─── Exercise inputs

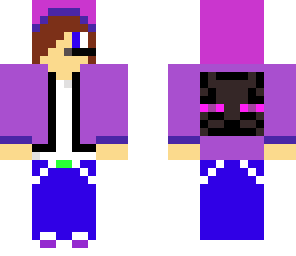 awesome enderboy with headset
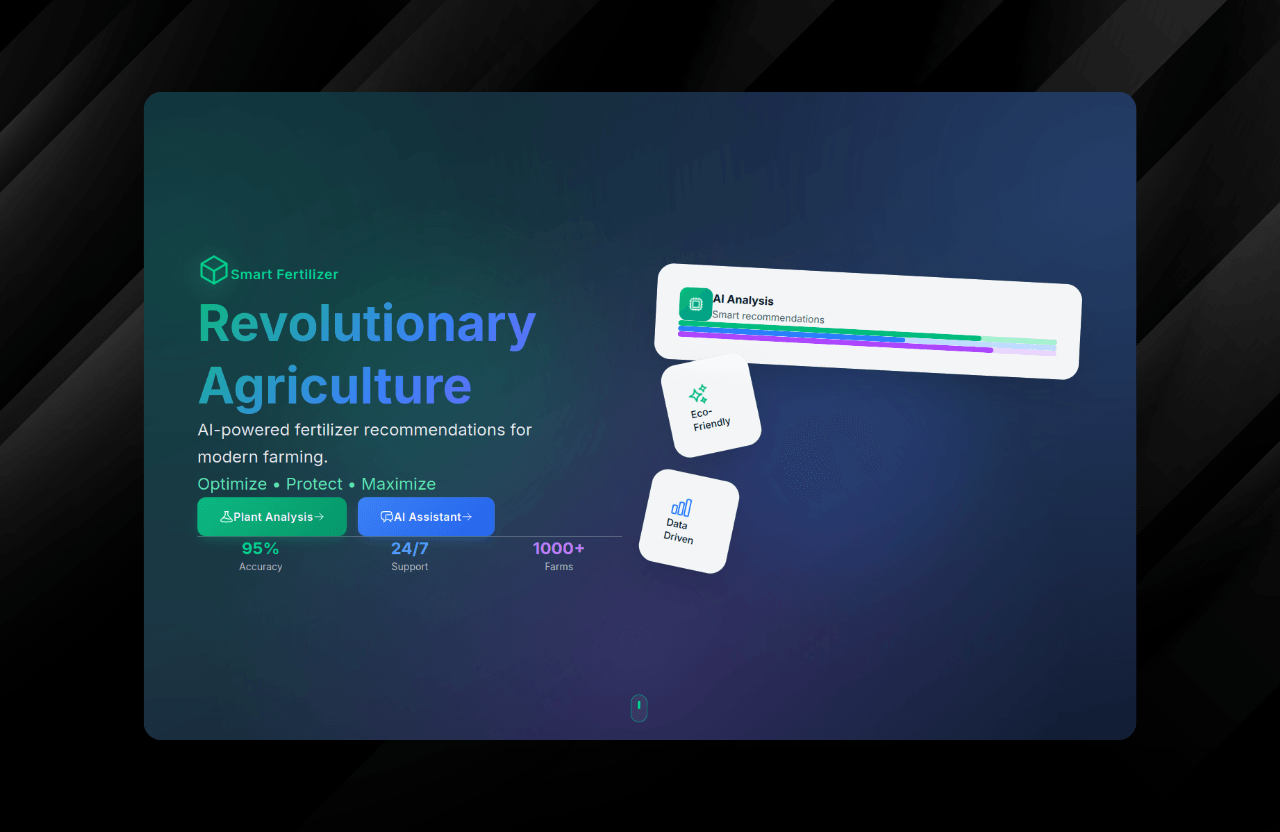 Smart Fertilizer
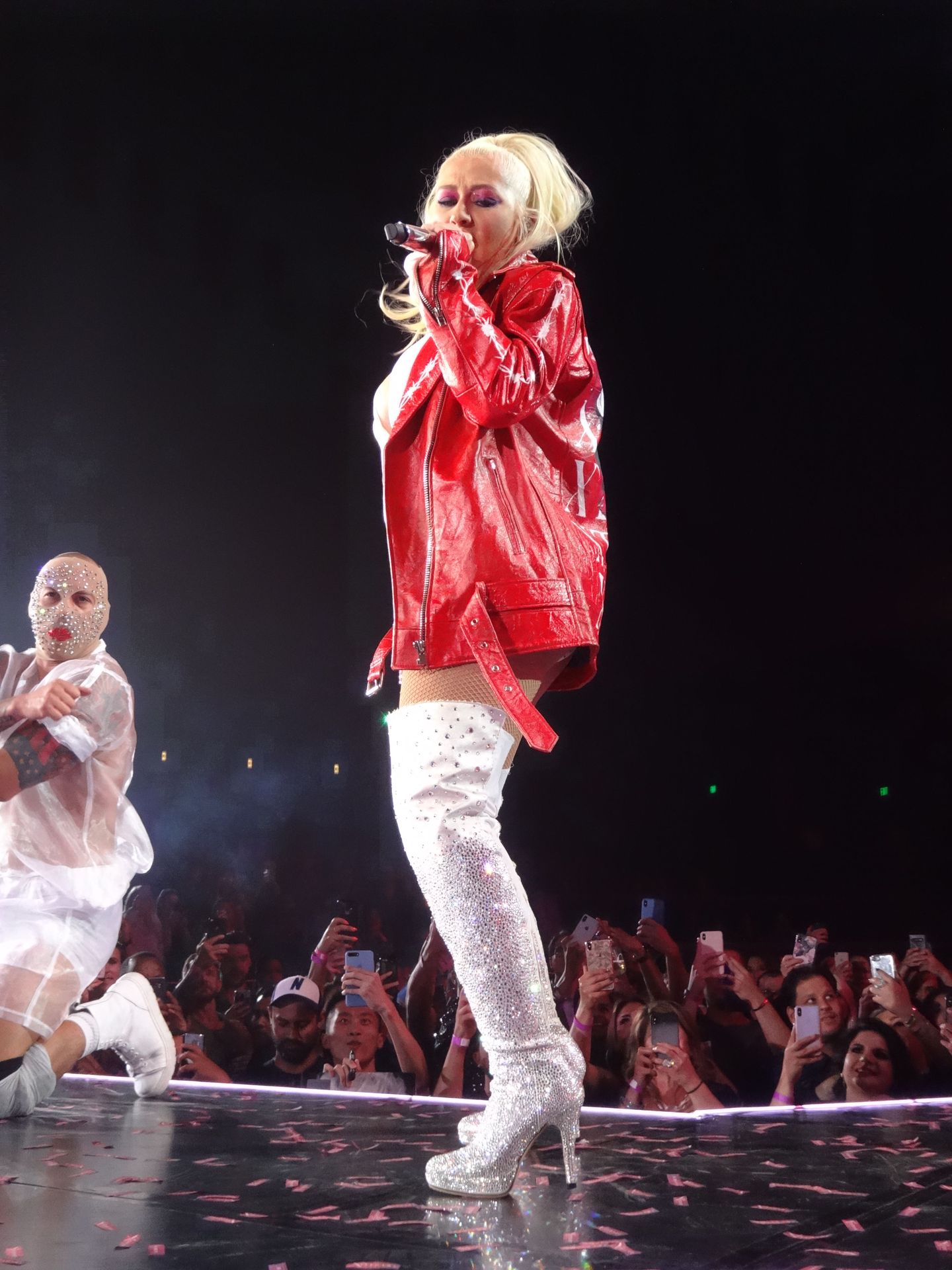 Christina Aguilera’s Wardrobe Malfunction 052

──────
─── Exercise inputs

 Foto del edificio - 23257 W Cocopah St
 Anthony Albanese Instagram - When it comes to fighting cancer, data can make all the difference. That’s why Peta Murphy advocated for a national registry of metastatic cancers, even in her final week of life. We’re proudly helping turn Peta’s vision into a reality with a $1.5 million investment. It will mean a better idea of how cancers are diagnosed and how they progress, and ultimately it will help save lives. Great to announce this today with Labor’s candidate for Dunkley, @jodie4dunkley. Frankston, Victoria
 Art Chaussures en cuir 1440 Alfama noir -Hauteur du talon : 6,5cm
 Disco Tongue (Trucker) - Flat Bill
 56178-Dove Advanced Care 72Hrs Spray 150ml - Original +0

──────

Using the records above, print exactly the run of lines that starts with the line with "Smart Fertilizer" and goes on through the line with "Christina Aguilera’s Wardrobe", pictures excluded.

 Smart Fertilizer
 Christina Aguilera’s Wardrobe Malfunction 052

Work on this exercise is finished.